Just as the dealer seized the dice cup and rattled it three times, and Hua Yitang’s hand was reaching for his own cup, Lin Sui’an and Jin Ruo both charged forward and hoisted him bodily off the ground — one on each side.
Jin Ruo: “There’s being generous with your money, and there’s being absolutely reckless with it!”
Lin Sui’an: “Enough is enough!”
The dealer panicked. “Sir, you cannot violate the rules of the table — once money is placed, it cannot be returned!”
Hua Yitang looked at Lin Sui’an, wide innocent eyes blinking. “Really not letting me gamble anymore?”
Lin Sui’an gritted her teeth. “What — do — you — think?!”
Hua Yitang narrowed his eyes in a smile, dropped back to the floor with a swing of his legs, reclaimed his fan from Yita, drifted to Lin Sui’an’s side, and began fanning her with attentive solicitude. He sighed gently. “A man who has a virtuous wife at home finds himself sternly managed — I truly dare not gamble any further.”
Virtuous your grandmother’s wife!
Lin Sui’an pinched a tender roll of flesh at Hua Yitang’s waist and twisted hard. Hua Yitang yelped, his body contorting into an elegant S-curve, and begged for mercy repeatedly. “All right, all right, all right — I’ll do whatever you say. But the money is already on the table and can’t be taken back — Yita, how about you play one round for me.”
Fang Ke: “Hey!”
Yita shot Hua Yitang a glare, walked to the table, picked up the dice to examine them, then placed the cup over them and gave it a few tentative shakes. “If I lose — it’s on you.”

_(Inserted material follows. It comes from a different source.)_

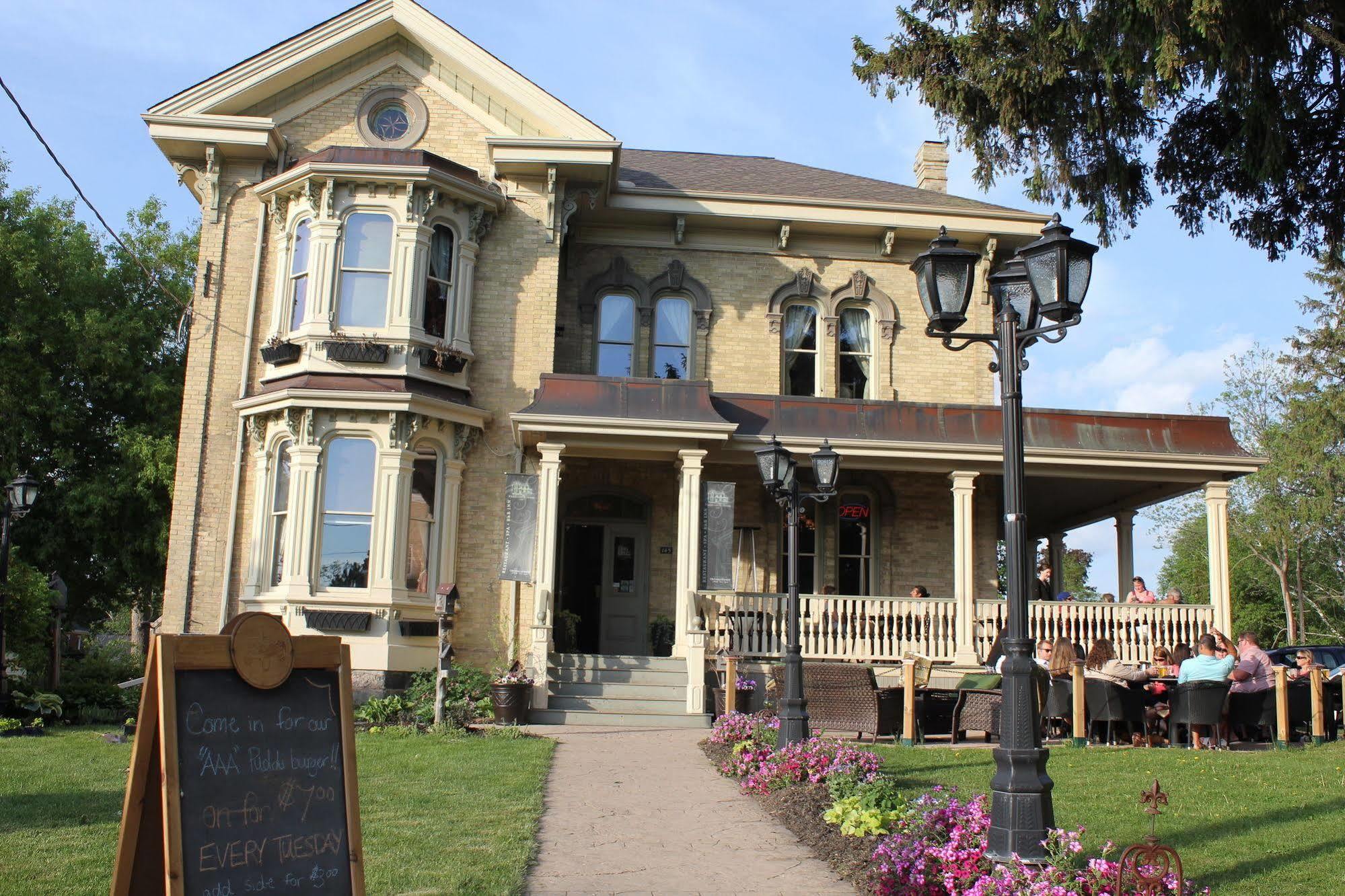 ホテル Puddicombe House New Hamburg エクステリア 写真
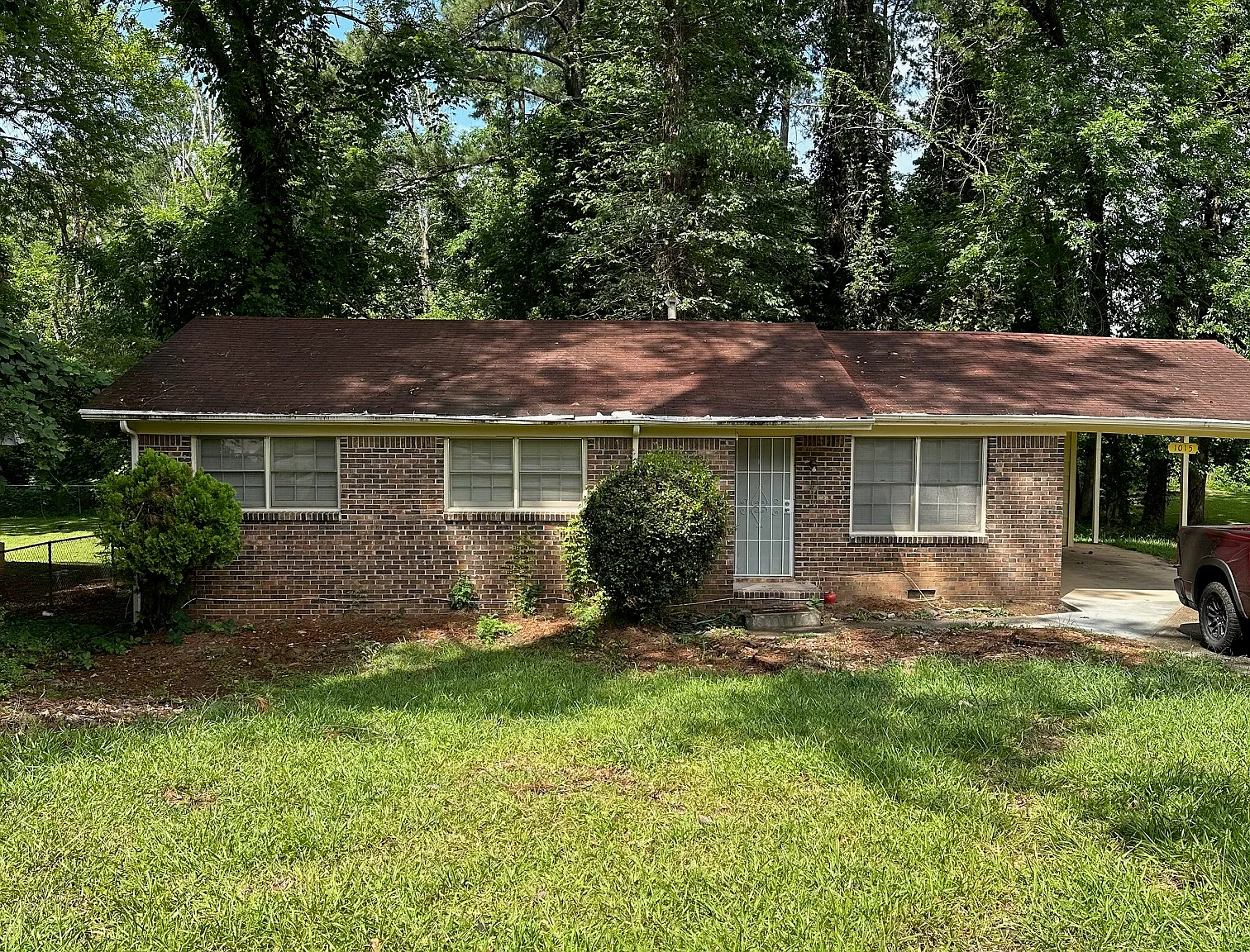 3 bed, 1184 sqft, $1,850 — Photo 1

“It’s on me,” said Hua Yitang, smiling.
“Hmph. You always lie to me.” Yita muttered something under his breath, stared at the dice inside the cup for a long moment, then lifted his eyes. “Fine. Again.”
The dealer was overjoyed. This young gentleman looked no older than thirteen or fourteen, could barely string together a coherent sentence in the Tang tongue, and was clearly new to the country. His technique with the dice cup was clearly unpracticed. This was easy money. Without drawing attention to it, the dealer signaled to the attendant; the attendant understood at once and slipped out through the back door. This was the gambling house’s contingency protocol — there were always gamblers who, when driven to desperation by their losses, would refuse to honor them. In the lighter cases they’d throw a tantrum; in the worse cases it came to blows; and in the most extreme cases, actual bloodshed was not unheard of. So whenever a one-track-mind easy mark like Hua Yitang turned up, you always sent extra bouncers to guard the front and back doors as a precaution.

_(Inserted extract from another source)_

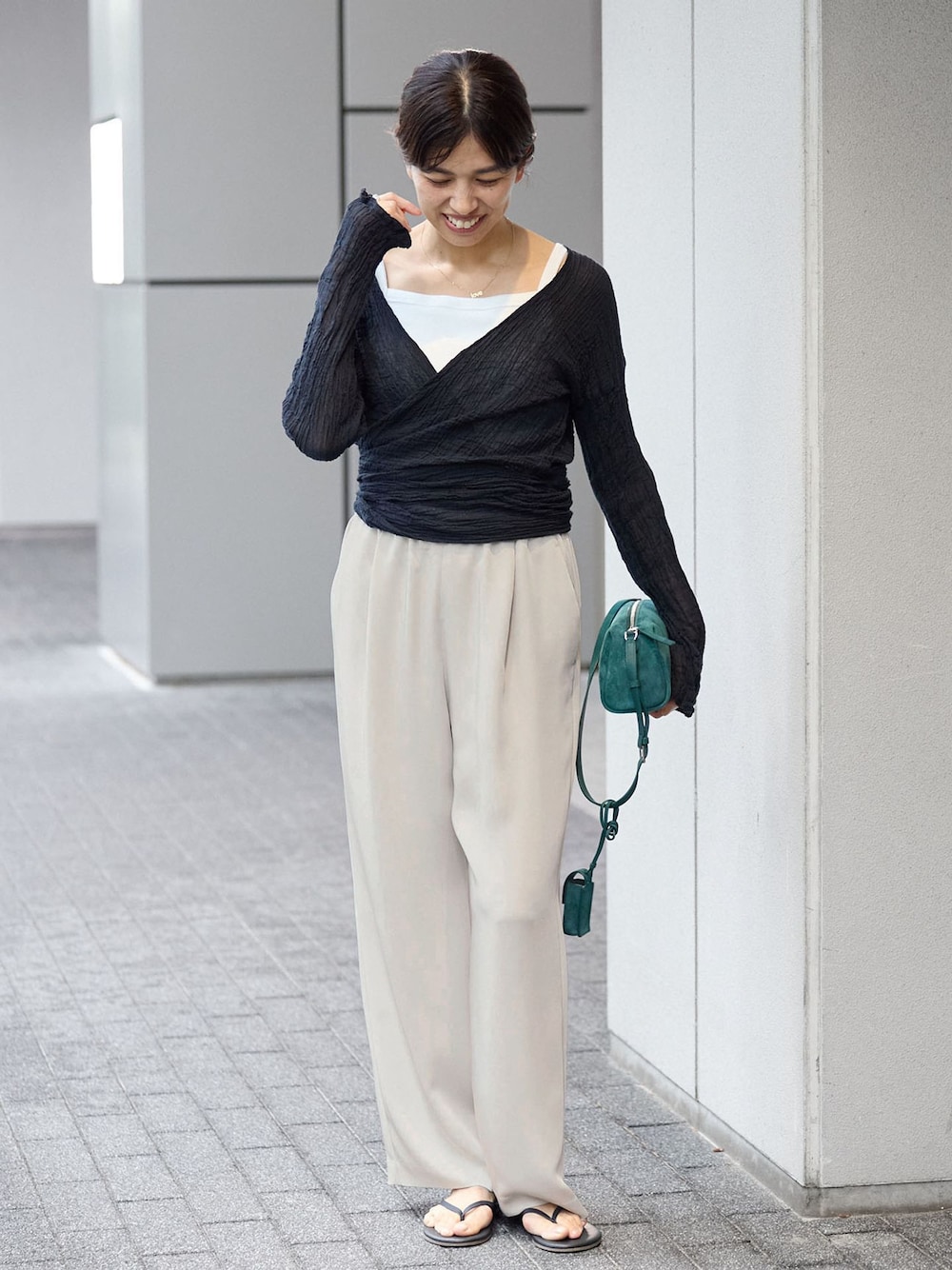 ベージュ系のその他パンツ、ブラック系のシャツ/ブラウス、ブラック系のサンダルを着用したレディースの夏コーディネートの1枚目の写真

The attendant didn’t notice that when he left, a silent shadow quietly followed in his wake.
Lin Sui’an watched clearly: Hua Yitang’s real purpose, of course, was not the gambling. He had sent Jin Ruo out, which meant he had spotted something suspicious about this gambling house, and only needed time to search and investigate. How long could they keep going like this?
“How much do you have left?” Lin Sui’an asked quietly.

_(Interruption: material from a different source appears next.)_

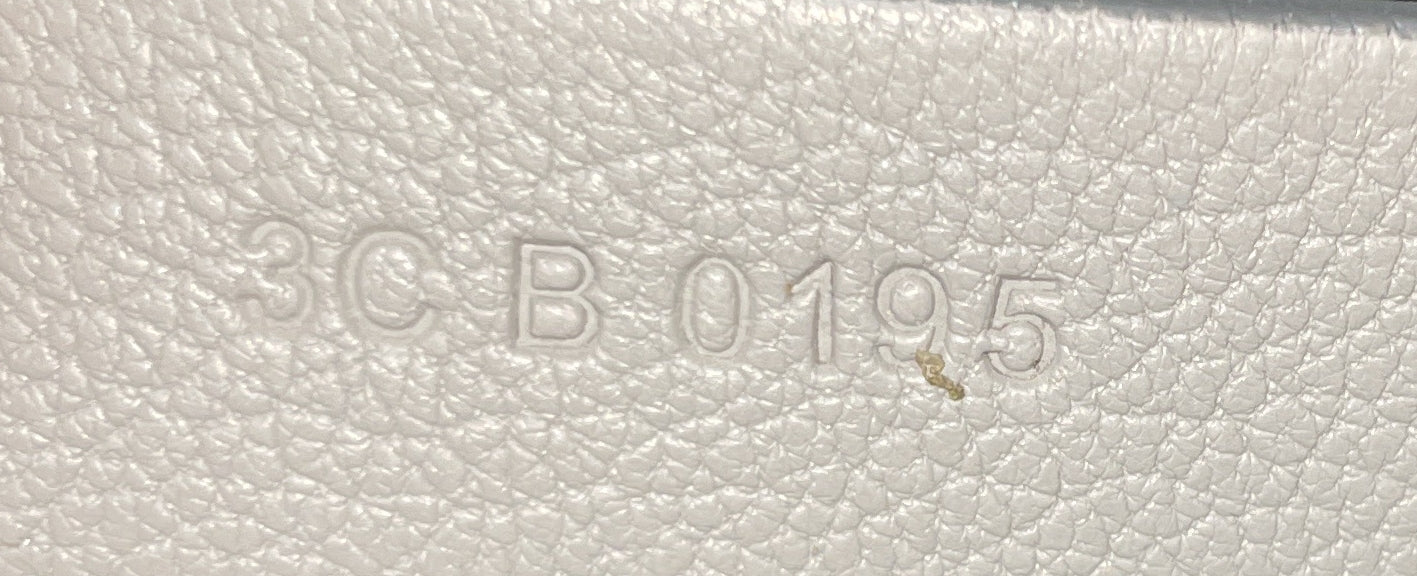 Antigona Bag Leather Mini - Image 7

“What’s on the table is the last of it,” said Hua Yitang.
Fine. At worst, she’d leave this wastrel behind as collateral to wash dishes and pay off his debts.
The dealer cupped the dice box in both hands, gave it three deliberate shakes, then set it down and gestured to Yita. “Your turn.”
Yita first tried holding the cup in both hands — it didn’t feel right. He thought for a moment, switched to one hand — still awkward. In the end, he cradled the base of the tray with one hand and pressed the cup down with the other. Hesitantly, he shook it five times, then set it down with great care.
The dealer permitted himself a look of quiet triumph. He lifted his cup. “Two, four, six — even! Large!”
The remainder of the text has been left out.